**PROBLEM TO WORK ON**
Each line below from the one containing "鹏鹏|宝宝一醒就喂,当心把胃撑出病!这5个信号说明娃吃饱了" through the one containing "Hp Laserjet 5200 500 Sheet Input Tray Hp" should be output exactly as it stands, and no other line should appear.

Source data
* * * * *

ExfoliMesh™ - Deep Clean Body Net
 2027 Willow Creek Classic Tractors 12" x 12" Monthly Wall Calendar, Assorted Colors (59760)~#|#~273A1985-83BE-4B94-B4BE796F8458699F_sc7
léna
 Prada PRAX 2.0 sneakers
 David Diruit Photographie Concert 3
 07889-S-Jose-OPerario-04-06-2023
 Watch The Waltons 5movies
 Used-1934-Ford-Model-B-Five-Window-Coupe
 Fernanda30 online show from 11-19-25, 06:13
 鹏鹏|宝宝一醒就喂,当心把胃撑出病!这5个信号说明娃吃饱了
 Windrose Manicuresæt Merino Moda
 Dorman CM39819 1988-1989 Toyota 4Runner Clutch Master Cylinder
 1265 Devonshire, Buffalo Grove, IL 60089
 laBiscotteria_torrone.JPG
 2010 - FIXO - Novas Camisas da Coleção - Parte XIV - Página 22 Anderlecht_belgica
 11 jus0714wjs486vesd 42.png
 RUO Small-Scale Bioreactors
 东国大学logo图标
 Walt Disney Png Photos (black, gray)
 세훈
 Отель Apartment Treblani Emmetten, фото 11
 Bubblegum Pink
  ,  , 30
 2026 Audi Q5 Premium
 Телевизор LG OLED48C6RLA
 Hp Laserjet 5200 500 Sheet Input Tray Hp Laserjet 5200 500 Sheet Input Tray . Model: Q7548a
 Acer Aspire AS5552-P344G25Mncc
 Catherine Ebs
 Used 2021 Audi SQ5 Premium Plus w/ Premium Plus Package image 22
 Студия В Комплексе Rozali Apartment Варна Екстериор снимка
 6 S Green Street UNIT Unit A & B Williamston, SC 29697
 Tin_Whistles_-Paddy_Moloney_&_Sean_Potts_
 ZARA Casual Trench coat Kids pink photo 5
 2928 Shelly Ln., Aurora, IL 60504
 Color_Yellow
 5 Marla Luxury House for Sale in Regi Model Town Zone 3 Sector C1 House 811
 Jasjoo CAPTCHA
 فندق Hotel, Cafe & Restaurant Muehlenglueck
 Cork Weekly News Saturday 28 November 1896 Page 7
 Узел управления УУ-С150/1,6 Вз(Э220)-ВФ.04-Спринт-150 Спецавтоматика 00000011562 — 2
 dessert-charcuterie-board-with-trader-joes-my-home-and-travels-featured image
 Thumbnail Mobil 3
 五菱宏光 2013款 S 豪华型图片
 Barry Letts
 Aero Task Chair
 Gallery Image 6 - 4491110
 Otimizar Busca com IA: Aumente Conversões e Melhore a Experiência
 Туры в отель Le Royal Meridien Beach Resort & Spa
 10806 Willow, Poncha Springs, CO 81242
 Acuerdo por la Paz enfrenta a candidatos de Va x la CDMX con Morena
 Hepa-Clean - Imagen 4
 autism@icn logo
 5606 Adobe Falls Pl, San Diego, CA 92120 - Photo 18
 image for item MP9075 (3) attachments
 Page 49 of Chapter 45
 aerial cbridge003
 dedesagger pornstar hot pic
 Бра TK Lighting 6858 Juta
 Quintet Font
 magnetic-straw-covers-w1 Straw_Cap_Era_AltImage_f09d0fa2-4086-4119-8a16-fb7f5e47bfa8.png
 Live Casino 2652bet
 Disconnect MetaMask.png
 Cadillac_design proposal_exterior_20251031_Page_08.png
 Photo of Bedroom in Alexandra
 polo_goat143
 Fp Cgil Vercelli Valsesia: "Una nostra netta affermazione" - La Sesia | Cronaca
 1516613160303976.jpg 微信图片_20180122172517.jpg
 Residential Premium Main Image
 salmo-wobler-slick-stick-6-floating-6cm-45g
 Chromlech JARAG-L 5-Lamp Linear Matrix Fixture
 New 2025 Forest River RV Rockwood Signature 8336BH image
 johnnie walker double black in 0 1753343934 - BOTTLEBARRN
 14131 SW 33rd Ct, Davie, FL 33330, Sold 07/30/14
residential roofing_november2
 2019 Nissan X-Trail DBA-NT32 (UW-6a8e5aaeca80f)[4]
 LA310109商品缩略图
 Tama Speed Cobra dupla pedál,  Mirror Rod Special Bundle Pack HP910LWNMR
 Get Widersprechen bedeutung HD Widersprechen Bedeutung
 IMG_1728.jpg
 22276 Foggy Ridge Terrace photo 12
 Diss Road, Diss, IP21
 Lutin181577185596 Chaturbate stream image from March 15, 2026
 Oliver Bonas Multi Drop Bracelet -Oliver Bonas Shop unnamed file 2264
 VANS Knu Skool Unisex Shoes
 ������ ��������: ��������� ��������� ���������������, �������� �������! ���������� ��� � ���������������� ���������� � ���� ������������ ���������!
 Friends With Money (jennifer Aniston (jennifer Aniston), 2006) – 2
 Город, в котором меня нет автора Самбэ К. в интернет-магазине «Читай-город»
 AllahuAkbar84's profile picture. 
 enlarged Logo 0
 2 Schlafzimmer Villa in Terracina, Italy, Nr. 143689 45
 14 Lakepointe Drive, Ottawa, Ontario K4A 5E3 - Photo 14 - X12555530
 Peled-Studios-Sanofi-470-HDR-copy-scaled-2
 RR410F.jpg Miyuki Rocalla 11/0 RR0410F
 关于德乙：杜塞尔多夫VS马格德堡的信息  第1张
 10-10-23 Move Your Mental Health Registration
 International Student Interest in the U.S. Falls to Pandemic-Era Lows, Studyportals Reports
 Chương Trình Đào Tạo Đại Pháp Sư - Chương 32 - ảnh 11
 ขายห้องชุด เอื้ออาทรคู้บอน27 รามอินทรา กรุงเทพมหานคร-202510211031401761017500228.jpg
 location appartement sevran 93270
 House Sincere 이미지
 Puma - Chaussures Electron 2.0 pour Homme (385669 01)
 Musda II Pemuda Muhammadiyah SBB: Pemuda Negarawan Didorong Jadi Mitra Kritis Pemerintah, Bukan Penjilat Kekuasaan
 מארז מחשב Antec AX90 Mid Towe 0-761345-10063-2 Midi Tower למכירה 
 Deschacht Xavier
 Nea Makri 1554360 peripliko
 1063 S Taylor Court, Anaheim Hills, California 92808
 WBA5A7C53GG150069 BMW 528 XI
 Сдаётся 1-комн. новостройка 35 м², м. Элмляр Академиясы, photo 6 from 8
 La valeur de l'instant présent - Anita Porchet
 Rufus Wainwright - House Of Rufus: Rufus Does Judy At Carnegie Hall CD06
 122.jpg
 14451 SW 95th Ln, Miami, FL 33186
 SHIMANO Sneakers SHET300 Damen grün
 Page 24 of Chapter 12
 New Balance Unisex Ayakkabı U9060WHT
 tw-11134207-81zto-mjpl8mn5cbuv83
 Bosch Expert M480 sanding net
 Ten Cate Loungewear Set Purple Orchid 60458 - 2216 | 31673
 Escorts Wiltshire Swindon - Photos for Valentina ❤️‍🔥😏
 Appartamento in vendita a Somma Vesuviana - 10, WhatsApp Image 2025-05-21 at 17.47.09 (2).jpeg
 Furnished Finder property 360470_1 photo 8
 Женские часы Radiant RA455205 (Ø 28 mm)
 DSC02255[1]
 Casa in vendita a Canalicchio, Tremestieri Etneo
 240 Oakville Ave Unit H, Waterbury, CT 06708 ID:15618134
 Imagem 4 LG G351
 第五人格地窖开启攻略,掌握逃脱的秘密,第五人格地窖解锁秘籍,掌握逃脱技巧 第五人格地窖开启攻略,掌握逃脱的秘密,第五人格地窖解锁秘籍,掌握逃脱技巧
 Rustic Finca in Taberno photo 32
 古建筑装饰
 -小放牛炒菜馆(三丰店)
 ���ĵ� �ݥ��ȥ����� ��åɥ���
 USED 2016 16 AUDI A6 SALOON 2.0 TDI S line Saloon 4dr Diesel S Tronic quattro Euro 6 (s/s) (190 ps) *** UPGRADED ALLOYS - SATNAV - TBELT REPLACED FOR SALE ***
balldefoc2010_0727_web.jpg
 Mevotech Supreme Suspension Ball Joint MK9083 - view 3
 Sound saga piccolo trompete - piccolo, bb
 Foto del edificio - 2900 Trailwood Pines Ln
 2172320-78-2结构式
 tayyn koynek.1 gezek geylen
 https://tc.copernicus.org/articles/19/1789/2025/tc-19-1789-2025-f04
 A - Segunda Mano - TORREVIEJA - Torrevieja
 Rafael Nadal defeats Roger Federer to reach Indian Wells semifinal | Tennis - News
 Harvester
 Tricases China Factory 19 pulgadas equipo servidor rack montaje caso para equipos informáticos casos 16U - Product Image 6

* * * * *

**RESPONSE**
 鹏鹏|宝宝一醒就喂,当心把胃撑出病!这5个信号说明娃吃饱了
 Windrose Manicuresæt Merino Moda
 Dorman CM39819 1988-1989 Toyota 4Runner Clutch Master Cylinder
 1265 Devonshire, Buffalo Grove, IL 60089
 laBiscotteria_torrone.JPG
 2010 - FIXO - Novas Camisas da Coleção - Parte XIV - Página 22 Anderlecht_belgica
 11 jus0714wjs486vesd 42.png
 RUO Small-Scale Bioreactors
 东国大学logo图标
 Walt Disney Png Photos (black, gray)
 세훈
 Отель Apartment Treblani Emmetten, фото 11
 Bubblegum Pink
  ,  , 30
 2026 Audi Q5 Premium
 Телевизор LG OLED48C6RLA
 Hp Laserjet 5200 500 Sheet Input Tray Hp Laserjet 5200 500 Sheet Input Tray . Model: Q7548a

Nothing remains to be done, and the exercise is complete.